Portrait of a Young Man is an oil on panel painting by Parmigianino, executed c. 1530, now in the Uffizi in Florence, whose collection it entered on 27 October 1682. [1] Three copies survive in the Museo di Capodimonte (n. 201), Rome's Accademia di San Luca and the Galleria nazionale di Parma (n. 313, inscribed with the date "MDXX", which is probably also the date of the Uffizi work).
It has traditionally been identified as a self-portrait, as recorded by an inscription on the reverse. That identification was still current when it appeared in the 1773 Serie degli uomini più illustri nella pittura. It was in Florence at least by the time of Cosimo III and possibly earlier. [2]
Later art historians from Ghidiglia Quintavalle and Fagiolo dell'Arco onwards dismissed this identification, particularly since the subject's face does not match more securely-identified self-portraits of the artist such as Self-portrait in a Convex Mirror (Kunsthistorisches Museum). It may instead be a Parmigianino portrait of Bonifacio Gozzadino mentioned by Vasari, or perhaps one of an "unknown Bolognese count", but there is no definite evidence for either identification.

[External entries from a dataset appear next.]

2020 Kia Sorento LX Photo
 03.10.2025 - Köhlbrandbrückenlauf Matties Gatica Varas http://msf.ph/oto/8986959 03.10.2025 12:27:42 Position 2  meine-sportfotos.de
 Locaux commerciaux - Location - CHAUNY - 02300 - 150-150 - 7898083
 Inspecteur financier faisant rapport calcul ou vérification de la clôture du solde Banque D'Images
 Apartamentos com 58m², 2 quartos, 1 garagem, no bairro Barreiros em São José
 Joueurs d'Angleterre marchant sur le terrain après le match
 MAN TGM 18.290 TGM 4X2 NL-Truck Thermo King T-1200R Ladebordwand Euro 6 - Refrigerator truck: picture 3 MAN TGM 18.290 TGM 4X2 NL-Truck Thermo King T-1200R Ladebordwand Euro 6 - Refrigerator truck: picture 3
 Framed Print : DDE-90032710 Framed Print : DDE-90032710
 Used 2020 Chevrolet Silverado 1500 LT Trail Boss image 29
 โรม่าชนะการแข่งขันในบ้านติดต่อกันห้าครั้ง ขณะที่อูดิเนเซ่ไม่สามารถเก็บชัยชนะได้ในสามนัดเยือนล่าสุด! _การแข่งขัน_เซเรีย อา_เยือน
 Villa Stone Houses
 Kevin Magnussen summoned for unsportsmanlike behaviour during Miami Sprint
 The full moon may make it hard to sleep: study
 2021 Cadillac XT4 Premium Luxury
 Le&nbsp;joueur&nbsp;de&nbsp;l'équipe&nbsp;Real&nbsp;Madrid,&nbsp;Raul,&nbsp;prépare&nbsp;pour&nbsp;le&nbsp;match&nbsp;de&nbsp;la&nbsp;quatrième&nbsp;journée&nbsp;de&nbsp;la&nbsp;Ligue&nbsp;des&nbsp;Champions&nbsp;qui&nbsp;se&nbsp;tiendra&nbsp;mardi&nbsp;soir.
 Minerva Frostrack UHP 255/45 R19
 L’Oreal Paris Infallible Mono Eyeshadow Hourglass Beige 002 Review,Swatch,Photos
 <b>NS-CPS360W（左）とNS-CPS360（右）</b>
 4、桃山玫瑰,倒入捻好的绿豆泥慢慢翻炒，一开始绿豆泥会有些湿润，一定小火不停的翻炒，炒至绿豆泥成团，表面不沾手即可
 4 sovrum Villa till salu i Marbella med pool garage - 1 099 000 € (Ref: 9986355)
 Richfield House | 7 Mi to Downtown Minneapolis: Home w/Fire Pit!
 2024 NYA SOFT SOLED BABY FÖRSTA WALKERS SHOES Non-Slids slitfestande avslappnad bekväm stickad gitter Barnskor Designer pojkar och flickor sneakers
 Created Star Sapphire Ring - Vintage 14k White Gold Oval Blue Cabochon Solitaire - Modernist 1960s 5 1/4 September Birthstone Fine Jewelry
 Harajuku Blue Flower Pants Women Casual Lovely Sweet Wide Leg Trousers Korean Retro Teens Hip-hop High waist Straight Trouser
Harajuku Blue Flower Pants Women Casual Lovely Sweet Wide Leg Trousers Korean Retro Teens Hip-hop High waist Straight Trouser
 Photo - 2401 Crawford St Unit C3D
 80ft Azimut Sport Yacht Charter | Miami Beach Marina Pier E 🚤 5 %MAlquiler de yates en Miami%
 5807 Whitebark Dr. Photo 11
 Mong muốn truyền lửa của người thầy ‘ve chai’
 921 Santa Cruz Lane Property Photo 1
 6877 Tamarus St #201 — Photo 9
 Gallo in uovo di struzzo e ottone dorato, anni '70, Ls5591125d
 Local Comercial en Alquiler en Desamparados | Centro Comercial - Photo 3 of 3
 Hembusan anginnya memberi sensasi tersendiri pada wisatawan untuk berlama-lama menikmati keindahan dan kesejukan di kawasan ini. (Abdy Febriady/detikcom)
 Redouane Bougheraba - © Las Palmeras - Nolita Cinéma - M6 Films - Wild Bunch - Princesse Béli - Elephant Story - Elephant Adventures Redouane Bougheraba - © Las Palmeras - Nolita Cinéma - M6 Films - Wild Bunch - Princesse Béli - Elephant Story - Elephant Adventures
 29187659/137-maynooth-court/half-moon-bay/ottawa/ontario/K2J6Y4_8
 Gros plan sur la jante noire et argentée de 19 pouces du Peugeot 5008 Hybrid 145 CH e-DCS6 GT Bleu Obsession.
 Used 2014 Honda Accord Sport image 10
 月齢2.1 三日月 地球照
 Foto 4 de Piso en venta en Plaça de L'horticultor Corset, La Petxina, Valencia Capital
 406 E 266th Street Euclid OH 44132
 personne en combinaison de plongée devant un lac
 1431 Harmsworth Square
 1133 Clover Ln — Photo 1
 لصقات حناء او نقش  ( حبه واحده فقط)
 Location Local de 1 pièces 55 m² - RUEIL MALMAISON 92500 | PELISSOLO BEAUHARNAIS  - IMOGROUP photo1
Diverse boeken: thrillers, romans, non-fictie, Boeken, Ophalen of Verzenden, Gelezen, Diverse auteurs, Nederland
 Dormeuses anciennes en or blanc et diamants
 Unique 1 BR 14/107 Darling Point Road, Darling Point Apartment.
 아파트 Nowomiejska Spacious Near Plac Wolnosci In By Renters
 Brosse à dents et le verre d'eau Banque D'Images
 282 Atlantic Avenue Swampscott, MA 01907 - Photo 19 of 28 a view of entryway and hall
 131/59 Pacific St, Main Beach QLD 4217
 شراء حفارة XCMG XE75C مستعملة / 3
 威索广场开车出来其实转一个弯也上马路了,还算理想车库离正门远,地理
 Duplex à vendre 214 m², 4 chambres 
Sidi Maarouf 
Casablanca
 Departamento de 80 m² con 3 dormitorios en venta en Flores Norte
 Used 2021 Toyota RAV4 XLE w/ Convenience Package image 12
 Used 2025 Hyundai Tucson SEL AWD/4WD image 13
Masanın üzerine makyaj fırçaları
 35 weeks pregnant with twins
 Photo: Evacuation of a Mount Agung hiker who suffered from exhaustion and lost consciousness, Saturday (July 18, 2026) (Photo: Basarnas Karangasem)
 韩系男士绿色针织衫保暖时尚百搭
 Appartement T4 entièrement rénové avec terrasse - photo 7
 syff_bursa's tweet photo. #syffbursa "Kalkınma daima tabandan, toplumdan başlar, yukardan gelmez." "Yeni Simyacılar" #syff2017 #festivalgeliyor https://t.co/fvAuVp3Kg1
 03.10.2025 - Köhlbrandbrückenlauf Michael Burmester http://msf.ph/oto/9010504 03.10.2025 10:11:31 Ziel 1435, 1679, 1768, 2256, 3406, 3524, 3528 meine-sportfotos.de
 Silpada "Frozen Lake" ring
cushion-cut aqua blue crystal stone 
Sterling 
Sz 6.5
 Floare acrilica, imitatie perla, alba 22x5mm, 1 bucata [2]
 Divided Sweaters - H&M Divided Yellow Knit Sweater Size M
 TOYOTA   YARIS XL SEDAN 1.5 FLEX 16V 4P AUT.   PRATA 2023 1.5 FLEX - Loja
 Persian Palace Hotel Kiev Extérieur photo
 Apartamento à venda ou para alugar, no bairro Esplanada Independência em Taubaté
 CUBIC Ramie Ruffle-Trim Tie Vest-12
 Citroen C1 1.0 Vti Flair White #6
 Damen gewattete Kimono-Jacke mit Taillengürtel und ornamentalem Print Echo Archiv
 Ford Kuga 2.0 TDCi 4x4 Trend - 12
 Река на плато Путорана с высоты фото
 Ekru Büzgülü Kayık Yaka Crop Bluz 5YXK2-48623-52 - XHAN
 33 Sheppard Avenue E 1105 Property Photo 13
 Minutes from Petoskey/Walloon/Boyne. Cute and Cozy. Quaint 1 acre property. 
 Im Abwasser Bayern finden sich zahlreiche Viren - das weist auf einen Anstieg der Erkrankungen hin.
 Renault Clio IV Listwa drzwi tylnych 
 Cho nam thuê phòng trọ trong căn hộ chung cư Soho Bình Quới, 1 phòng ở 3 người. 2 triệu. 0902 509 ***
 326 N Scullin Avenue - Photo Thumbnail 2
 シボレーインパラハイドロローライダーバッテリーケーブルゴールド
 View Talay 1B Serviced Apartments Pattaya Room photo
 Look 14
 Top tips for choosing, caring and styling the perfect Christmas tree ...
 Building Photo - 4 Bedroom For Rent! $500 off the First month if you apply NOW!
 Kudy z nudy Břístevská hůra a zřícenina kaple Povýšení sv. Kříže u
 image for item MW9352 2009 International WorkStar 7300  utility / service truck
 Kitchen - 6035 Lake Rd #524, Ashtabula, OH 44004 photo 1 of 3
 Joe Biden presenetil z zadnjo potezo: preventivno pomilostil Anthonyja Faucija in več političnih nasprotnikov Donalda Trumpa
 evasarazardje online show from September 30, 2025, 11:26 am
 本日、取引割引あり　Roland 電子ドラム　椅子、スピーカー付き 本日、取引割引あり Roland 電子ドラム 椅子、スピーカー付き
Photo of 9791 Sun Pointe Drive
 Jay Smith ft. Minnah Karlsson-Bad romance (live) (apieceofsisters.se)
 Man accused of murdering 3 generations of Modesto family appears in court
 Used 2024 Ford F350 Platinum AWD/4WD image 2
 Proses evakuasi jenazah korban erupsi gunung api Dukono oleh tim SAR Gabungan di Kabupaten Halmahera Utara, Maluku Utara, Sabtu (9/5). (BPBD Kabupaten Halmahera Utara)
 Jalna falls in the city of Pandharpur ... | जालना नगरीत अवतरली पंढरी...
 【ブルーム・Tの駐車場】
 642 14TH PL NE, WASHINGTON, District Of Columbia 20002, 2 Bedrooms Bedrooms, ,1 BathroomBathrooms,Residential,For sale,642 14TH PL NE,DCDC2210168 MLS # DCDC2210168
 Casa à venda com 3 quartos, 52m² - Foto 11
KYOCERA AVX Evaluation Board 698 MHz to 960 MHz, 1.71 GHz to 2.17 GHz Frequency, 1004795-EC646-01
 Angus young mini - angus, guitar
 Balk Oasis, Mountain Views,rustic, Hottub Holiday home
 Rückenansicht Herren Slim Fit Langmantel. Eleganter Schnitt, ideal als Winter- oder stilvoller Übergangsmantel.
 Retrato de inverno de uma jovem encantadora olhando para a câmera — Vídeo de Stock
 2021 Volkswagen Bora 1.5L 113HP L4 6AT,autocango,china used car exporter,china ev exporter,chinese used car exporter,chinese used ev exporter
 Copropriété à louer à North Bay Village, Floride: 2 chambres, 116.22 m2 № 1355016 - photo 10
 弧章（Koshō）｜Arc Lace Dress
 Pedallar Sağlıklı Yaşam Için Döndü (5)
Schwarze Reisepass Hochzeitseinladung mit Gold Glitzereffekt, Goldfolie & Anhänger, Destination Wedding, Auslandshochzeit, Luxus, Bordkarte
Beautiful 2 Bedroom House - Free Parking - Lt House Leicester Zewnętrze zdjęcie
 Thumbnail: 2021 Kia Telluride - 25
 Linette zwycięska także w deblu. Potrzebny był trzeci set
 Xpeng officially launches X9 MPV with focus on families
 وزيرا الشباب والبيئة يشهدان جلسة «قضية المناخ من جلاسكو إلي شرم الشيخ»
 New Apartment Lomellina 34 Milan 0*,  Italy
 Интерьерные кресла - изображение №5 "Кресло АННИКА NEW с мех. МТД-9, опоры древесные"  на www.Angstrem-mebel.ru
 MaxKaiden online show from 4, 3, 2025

More recently Freedberg (1950) and P. Rossi (1980) have argued in favour of the inscription's authenticity. They compare the painting with drawings which are probable self-portraits, particularly n. 790A in the Devonshire Collection at Chatsworth House (Self-Portrait and Study for the Frescoes at La Steccata ), n. 2623 in the Albertina in Vienna (probably the source for the print of Vita di Francesco Mazzuoli by Vasari) and catalogue number 1858-7-24-6 in the British Museum (showing a man with a dog and with an inscription by Popham interpreting it as a self-portrait). They also refer to a late sixteenth century collection in a Parma private collection whose inscription refers to the painter.